• **What you should do**: For this exercise, write out only the lines of the entries below from the one with "安徽省委常委、六安市市委書記孫云飛赴金寨縣水坪村村民文化中心項目調研" up to and including the one with "Zu verkaufen 3+1", exactly as they are. Pictures stay out.

• **Listed entries**:
==============================

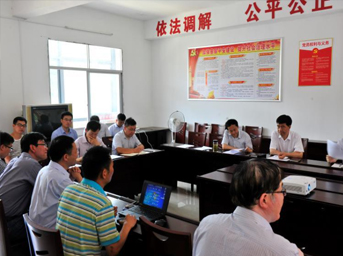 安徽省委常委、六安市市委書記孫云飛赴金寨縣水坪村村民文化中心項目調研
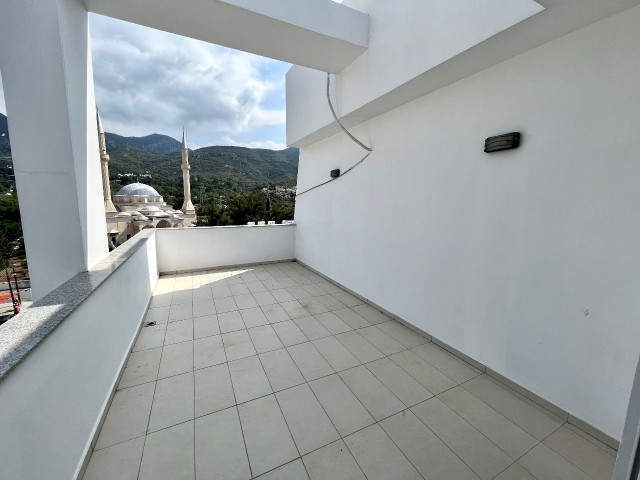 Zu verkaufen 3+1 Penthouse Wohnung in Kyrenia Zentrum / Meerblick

==============================

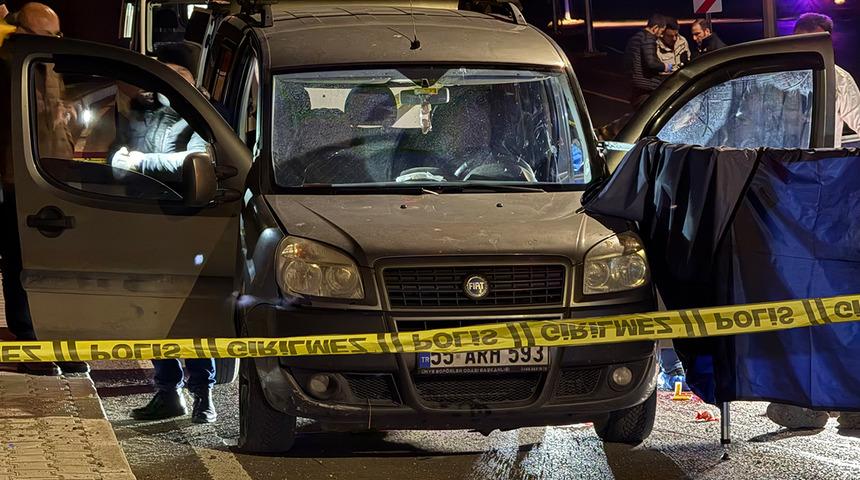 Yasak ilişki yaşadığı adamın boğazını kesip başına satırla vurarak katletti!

==============================

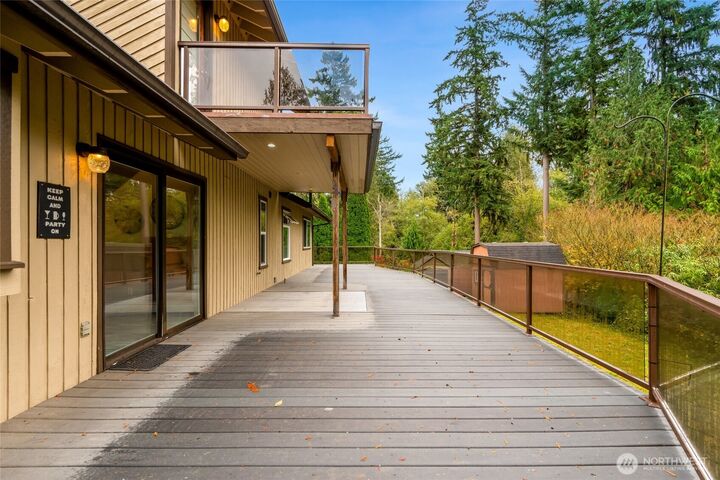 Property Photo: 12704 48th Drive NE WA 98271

==============================

• **Reply to the task**:
 安徽省委常委、六安市市委書記孫云飛赴金寨縣水坪村村民文化中心項目調研
 Zu verkaufen 3+1 Penthouse Wohnung in Kyrenia Zentrum / Meerblick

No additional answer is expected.